Issue Date: March 2, 2015 | Web Date: February 26, 2015
Englerin A Targets Uncovered
Since its discovery six years ago, the molecule (–)-englerin A has received a lot of attention from organic chemists and biologists. The natural product has a complex architecture that makes it a challenging synthetic target, and its ability to kill kidney cancer cells selectively makes it a promising drug lead.
But little is known about the mechanism behind englerin A’s anticancer properties. Now, in findings that could lead to new antitumor agents, researchers have discovered two cellular binding partners for the small molecule and have proposed the way it works.

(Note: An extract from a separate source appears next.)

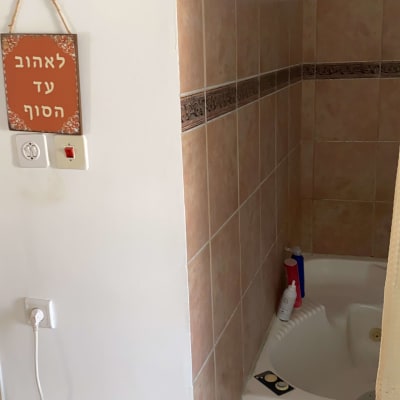 אמבטיה עם אריחים, בקבוקי שמפו וסבון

Kidney cancer is often treated surgically and responds poorly to existing drugs, which can have serious side effects. So new drugs based on englerin A could help improve outcomes for patients.
In 2009, John Beutler of the National Cancer Institute (NCI), in Frederick, Md., and coworkers reported having isolated englerin A from the bark of Phyllanthus engleri, a southeastern African bush or small tree named after the late German botanist Adolf Engler. They discovered that the compound kills kidney cancer cells selectively (Org. Lett. 2009, DOI: 10.1021/ol802339w).
Researchers led by Mathias Christmann, now at the Free University of Berlin, reported the first total synthesis later that year (Angew. Chem. Int. Ed. 2009, DOI: 10.1002/anie.200905032; C&EN, Nov. 16, 2009, page 40). More than a dozen other englerin A syntheses have since been carried out by chemists.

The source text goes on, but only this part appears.